First, the professionals:
* ESPN's Greg Easterbrook had an interesting observation with regards to teams extending mediocre head coaches part of the way through their "breakout" season:
Halfway through his first season as Notre Dame coach, Charlie Weis had a 5-2 record and immediately was offered a 10-year contract extension containing guaranteed payments that the school and its athletic donors now regret. Less than halfway through the 2008 NFL season, Dick "Cheerio, Chaps" Jauron had a 5-1 record and immediately was offered a three-year contract extension containing guaranteed payments that Bills owner Ralph Wilson now regrets. What's going on here?

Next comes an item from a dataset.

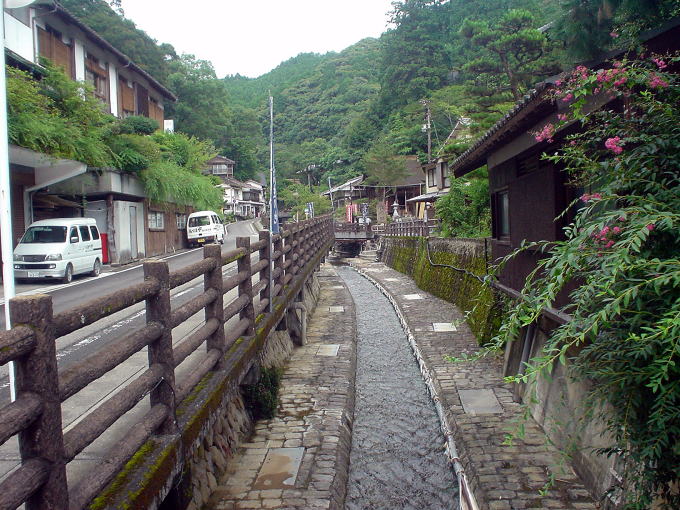 ���̕􉷐�@���ق��Â܂�y�����s���z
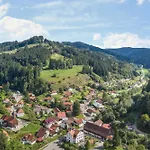 Im Haus Kreuzthal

Why grant coaches extensions when they are already under contract, only to fire them later and be stuck with paying off the rest of the deal?
What's going on is that the general manager or athletic director, by offering an extension when the team is winning, essentially says to the world, "I am a genius for picking this guy." Later, when the same coach becomes a flop, the same front office spins things as, "We gave him everything he wanted and he still failed -- this guy is a failure." The extensions are all about the athletic director's, or general manager's, ego.

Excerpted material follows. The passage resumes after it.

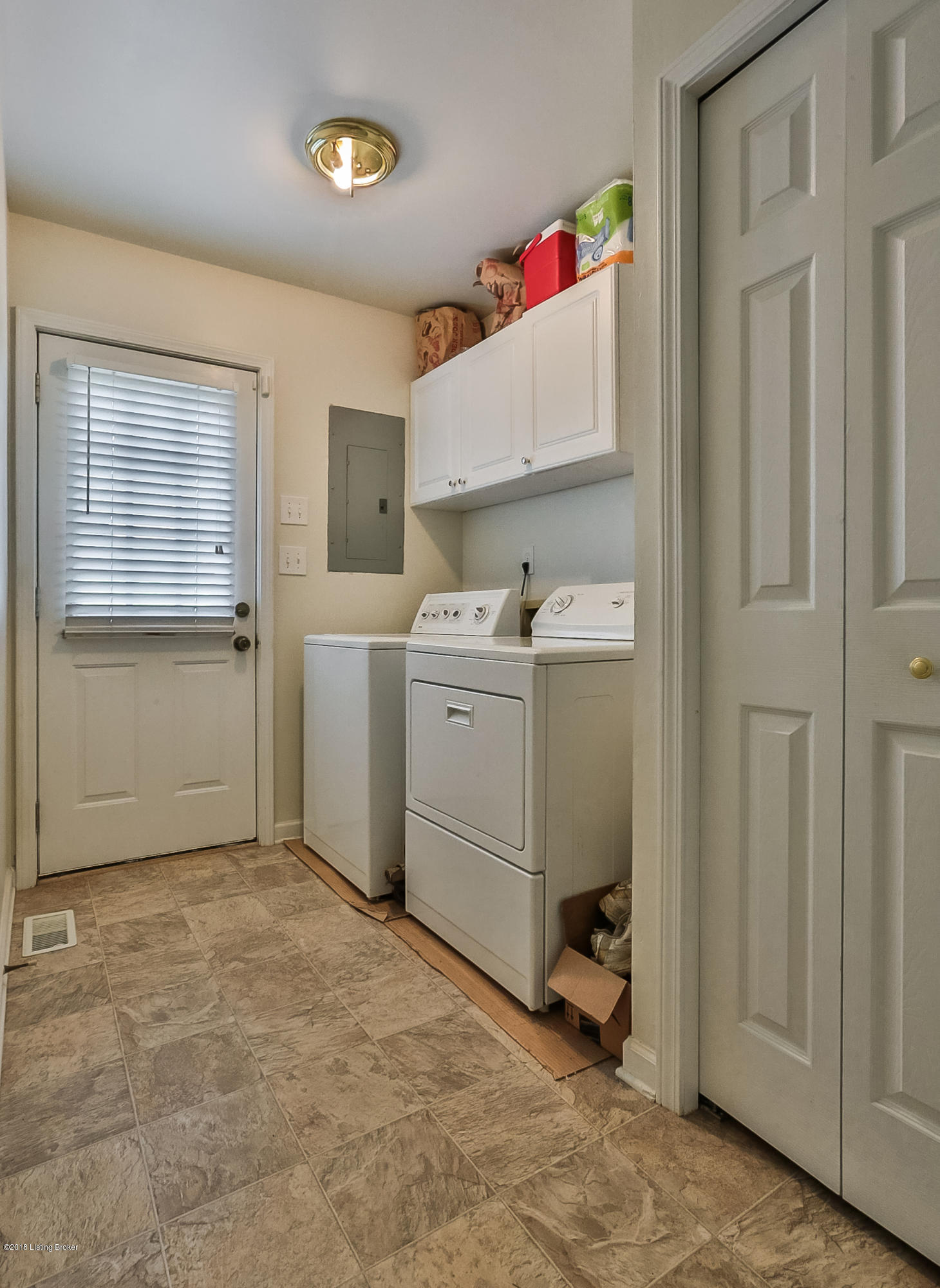 472 Travis Road Taylorsville, KY 40071 - Photo 23 of 36 Laundry Room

He doesn't mention Brad Childress in the piece, but I'm sure every Viking fan who read it was thinking of him...
* Joe Posnanski tells us that Brett Favre can actually be honest, when he wants to. I'm still not sure that I'm buying it.
* ESPN's Kevin Seifert thinks the Vikings shouldn't panic after their loss to Arizona. I, for one, am trying to maintain an even keel. A loss at home to the Bengals, though, might send me over the edge...
And now, the talented amateurs:
* Earlier this week, I was thinking that it might behoove the Vikings to spend a little extra coin -- say, $3 million or so -- on a good nickel corner in the offseason. Vikings Gab then reminded me that, in a way, we're already doing that.
* PJD has some ideas for Chad Ochocinco's touchdown celebrations (which we hope he won't have a chance to use) this week.
* And Joe Fischer tells us that the Vikings should both panic (Arizona could beat us out for the #2 seed) and not panic (Super Bowl teams have often absorbed crushing defeats). That's just the kind of schizophrenic "Our team's good but we'll do our best find a way to be bad" thinking I expect from a fellow Vikings fan!